[Scraped caption text data]
========

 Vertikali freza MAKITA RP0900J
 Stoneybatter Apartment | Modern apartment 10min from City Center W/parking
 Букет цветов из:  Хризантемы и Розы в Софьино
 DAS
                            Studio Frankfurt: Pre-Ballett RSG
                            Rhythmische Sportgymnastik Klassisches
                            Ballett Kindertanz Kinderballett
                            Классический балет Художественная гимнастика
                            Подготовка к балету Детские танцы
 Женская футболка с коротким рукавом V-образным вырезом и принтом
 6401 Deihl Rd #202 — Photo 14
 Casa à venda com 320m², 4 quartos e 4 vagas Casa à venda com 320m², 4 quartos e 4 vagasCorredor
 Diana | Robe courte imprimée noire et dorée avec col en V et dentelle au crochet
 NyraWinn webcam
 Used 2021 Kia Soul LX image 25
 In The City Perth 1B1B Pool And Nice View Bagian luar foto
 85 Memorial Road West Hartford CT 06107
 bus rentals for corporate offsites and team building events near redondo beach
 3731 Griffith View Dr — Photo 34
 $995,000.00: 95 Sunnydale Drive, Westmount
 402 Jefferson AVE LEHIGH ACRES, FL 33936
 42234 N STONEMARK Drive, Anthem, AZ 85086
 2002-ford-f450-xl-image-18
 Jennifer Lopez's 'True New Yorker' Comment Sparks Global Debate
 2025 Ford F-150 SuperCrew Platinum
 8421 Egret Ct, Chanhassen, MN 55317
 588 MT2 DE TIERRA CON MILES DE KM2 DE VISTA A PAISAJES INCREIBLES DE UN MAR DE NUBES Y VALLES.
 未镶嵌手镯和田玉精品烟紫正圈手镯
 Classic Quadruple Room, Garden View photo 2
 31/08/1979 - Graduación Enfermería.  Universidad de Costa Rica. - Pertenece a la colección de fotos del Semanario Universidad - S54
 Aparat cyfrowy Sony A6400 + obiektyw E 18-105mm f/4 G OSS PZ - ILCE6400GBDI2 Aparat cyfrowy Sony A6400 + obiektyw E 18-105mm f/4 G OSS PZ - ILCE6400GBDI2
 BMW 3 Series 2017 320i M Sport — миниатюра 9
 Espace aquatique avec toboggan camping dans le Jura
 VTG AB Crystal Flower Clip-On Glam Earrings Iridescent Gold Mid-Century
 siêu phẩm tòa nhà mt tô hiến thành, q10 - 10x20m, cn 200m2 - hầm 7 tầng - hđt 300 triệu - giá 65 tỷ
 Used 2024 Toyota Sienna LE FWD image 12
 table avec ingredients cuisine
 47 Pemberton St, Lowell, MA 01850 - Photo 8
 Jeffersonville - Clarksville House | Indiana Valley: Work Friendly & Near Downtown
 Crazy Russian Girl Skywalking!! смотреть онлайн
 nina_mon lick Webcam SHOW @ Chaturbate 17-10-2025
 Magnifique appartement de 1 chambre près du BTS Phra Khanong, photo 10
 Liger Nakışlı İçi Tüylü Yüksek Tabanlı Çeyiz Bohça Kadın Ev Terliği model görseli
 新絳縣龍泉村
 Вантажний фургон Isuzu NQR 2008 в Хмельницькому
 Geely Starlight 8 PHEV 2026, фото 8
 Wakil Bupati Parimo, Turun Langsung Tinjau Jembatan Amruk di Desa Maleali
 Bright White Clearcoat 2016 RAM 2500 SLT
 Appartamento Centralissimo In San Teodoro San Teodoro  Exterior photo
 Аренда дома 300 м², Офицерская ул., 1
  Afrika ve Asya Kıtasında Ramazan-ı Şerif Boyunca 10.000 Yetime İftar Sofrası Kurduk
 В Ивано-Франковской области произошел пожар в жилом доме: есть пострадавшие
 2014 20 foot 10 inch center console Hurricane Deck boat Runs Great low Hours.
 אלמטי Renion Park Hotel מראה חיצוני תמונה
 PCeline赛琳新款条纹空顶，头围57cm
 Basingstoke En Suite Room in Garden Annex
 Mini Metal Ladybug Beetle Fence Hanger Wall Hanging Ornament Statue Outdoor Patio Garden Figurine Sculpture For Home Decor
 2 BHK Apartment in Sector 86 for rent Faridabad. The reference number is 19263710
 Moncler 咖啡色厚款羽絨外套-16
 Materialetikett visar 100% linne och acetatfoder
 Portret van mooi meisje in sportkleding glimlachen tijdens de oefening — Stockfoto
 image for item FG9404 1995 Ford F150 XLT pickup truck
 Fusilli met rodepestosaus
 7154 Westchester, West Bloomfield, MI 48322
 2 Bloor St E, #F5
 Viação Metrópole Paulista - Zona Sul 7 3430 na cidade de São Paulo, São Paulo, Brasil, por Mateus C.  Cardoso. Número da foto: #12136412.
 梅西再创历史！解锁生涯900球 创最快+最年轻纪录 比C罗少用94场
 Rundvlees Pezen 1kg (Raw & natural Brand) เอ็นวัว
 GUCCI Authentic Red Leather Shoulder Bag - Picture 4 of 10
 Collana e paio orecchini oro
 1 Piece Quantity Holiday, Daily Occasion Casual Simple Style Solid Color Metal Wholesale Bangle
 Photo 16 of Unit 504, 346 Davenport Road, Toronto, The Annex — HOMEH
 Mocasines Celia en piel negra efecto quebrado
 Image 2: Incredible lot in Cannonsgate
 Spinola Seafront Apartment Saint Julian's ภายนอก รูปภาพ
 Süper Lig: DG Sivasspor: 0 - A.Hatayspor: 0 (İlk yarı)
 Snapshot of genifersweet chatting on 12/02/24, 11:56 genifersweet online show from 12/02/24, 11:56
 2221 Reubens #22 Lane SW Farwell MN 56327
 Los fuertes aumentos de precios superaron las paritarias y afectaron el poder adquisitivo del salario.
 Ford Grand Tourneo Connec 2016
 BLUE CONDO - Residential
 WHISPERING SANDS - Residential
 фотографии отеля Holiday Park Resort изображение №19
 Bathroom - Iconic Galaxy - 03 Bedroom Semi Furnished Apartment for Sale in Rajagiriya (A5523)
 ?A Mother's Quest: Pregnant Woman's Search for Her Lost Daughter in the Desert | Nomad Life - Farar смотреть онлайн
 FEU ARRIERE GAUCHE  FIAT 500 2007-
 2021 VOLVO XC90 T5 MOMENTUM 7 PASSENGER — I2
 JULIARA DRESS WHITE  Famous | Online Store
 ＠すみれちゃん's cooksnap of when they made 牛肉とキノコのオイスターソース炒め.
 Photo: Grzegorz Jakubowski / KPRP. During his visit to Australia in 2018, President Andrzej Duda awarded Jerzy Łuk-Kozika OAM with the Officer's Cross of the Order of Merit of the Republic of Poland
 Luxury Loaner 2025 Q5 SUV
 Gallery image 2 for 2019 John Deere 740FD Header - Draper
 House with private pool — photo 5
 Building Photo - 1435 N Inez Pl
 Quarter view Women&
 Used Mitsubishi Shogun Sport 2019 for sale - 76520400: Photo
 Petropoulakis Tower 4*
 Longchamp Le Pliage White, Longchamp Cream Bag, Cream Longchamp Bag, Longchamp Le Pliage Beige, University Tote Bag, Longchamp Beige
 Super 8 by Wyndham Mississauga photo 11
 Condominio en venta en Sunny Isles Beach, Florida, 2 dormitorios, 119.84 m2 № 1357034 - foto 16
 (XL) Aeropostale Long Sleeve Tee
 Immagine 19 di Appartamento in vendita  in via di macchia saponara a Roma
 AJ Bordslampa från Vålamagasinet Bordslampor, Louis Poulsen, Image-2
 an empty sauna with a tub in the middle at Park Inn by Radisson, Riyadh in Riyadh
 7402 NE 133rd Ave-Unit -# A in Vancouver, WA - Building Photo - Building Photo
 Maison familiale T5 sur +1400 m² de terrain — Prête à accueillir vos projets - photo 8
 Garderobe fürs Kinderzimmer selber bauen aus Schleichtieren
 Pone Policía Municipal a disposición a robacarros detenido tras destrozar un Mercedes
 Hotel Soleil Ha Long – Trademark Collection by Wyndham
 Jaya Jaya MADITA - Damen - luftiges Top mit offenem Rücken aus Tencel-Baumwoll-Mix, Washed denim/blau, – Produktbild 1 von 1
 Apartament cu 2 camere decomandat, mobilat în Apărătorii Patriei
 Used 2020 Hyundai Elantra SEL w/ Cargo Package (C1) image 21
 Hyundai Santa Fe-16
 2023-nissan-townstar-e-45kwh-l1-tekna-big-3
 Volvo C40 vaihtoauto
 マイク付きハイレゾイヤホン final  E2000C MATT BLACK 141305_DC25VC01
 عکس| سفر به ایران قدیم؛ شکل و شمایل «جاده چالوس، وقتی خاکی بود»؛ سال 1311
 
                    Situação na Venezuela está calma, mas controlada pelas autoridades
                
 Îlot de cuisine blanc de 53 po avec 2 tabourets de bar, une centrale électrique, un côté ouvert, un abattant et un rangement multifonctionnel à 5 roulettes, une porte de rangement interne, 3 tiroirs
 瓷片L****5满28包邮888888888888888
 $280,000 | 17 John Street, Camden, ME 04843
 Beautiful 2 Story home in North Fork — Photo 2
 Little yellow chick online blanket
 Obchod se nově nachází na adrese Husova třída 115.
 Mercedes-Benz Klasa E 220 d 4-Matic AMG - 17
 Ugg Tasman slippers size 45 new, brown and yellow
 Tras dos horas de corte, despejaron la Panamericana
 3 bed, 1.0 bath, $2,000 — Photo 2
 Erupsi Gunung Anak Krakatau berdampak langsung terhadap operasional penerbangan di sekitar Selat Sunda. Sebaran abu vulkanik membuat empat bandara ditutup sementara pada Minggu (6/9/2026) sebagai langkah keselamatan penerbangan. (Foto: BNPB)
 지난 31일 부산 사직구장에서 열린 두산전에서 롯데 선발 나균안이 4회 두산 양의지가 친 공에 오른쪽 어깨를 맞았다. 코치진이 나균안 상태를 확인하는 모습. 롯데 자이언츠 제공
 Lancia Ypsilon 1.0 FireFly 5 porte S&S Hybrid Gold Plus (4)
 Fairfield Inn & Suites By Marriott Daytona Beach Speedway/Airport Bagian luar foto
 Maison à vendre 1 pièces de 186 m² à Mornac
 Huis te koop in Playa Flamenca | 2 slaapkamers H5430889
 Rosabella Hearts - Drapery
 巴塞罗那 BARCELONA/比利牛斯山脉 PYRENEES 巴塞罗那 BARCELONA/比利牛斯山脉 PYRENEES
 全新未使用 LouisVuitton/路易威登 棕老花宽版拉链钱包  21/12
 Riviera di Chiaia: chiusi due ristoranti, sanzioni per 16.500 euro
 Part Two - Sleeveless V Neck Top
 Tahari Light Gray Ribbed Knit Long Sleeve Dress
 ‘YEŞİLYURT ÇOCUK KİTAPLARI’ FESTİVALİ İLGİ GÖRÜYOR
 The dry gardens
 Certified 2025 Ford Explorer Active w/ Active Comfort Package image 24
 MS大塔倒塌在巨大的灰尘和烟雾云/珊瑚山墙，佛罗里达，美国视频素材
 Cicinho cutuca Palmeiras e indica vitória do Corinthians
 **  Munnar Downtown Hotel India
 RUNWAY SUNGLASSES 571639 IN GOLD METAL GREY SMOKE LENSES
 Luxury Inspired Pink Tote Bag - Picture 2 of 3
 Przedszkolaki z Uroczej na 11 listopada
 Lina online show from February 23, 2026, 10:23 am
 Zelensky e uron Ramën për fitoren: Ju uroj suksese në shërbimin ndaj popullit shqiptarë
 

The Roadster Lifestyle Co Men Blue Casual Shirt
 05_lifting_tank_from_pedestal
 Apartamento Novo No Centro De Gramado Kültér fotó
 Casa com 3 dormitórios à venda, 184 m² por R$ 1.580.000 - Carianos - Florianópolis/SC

========

[Task instructions] Looking over the entries above, how many lines contain the string "Luxury"? State the number and nothing else.

[Final answer] 2